I've plotted the latitude and Longitude position on Chart 81023 of the USS San Francisco's grounding as reported in the unclassified investigation report.
Chart 81023 plot of SSN 711 grounding
(Click on Image to enlarge)
There are two positions in the report, the ship's deck log position and the RLGN data position. Plotted in Blue for deck log and Red for RLGN recorded positions. Here are the report entries:
290. (U) The QMOW on watch at the time of the grounding, ET2(SS) ****, said he was knocked unconscious for a short time when the ship grounded. According to the ship's Deck Log, the Grounding occurred at 07 44.7' N, 147 11.6' E. A relieving QMOW, ET2(SS) **** , stated that this Deck Log position was taken from the RLGN remote touch screen display that was paused some time after the grounding.
291. (U) Based on a second-by-second analysis of the ship's deceleration recorded in RLGN channel 1 data, the ship grounded at 1142K (and 20 seconds) at 07 45.5' N, 147 12.3' E.
The Chart I used above is 81023 which is a general navigation chart and the one the Navy cites as containing the "discol waters rep". The Discolored Waters Report is 3 nautical miles south of the actual grounding and is from a 1966 Japanese Notice to Mariners that was originally reported in 1963. This data point was not on the E2202 chart used by the Navigation crew and was not noted in the SUBNOTE provided for their transit. Chart E2202 is a bottom contour chart and was considered to have been more accurate due to the greater density of sounding data. I noted chart 81023's poor sounding data in a previous post on this blog. Chart E2202 was up to date and the Navigation crew had all applicable NTM entered.

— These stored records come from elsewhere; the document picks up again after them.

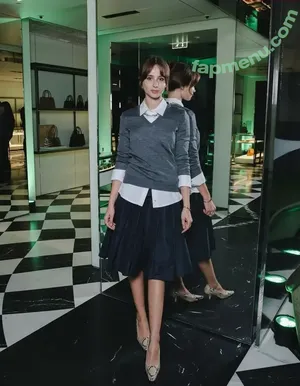 Poqssi nude photo #0080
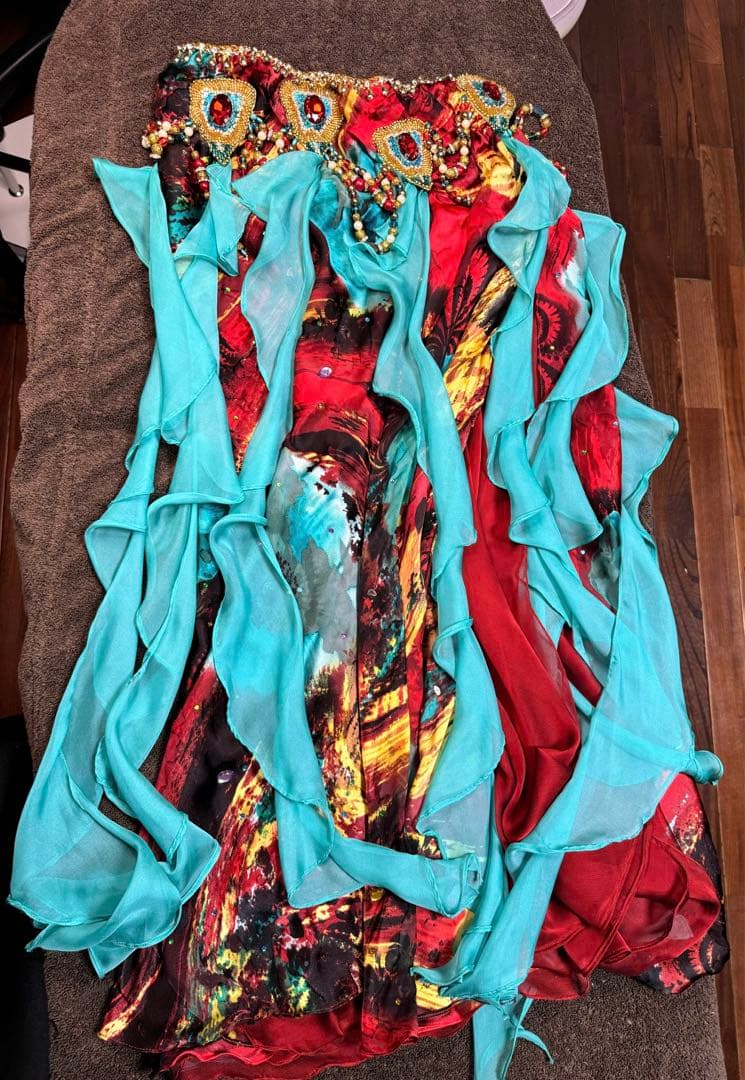 ベリーダンスお衣装 ベラやエマーンザキお好きな方に - メルカリ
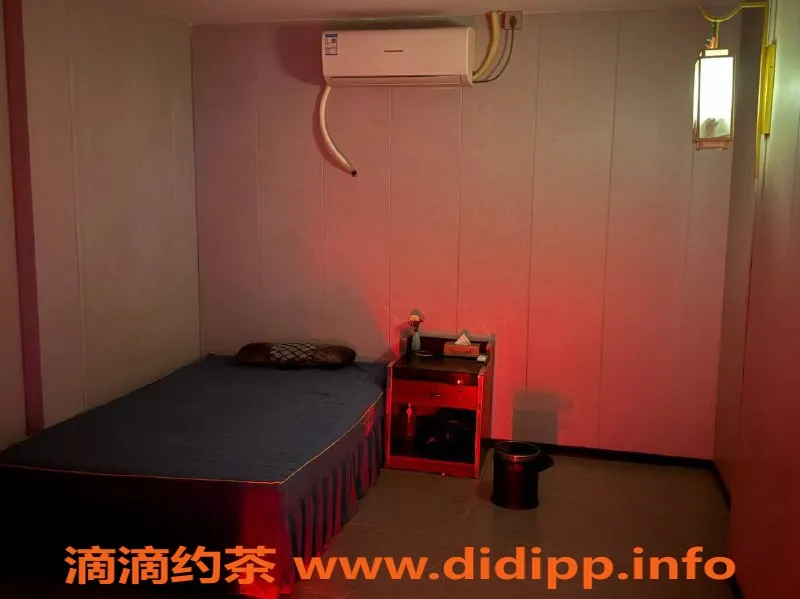 广州spa会所-番禺南站95后美女，24小时激情服务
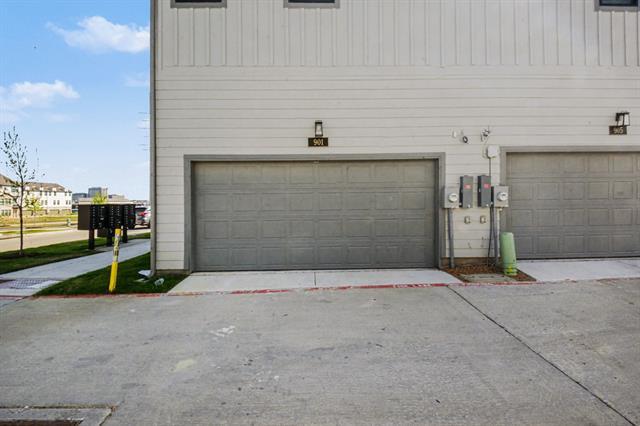 Building Photo - 901 Janwood Dr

Although not transferring the "discol waters rep" from Chart 81023 to E2202 was cited as one of the contributing factors to the grounding, it is not a responsibility the Navigation crew shares alone. I'm of the opinion that the originator of the SUBNOTE and the Defense Mapping Agency share equal responsibility for not including on chart E2202 a navigation hazard identified back in 1963.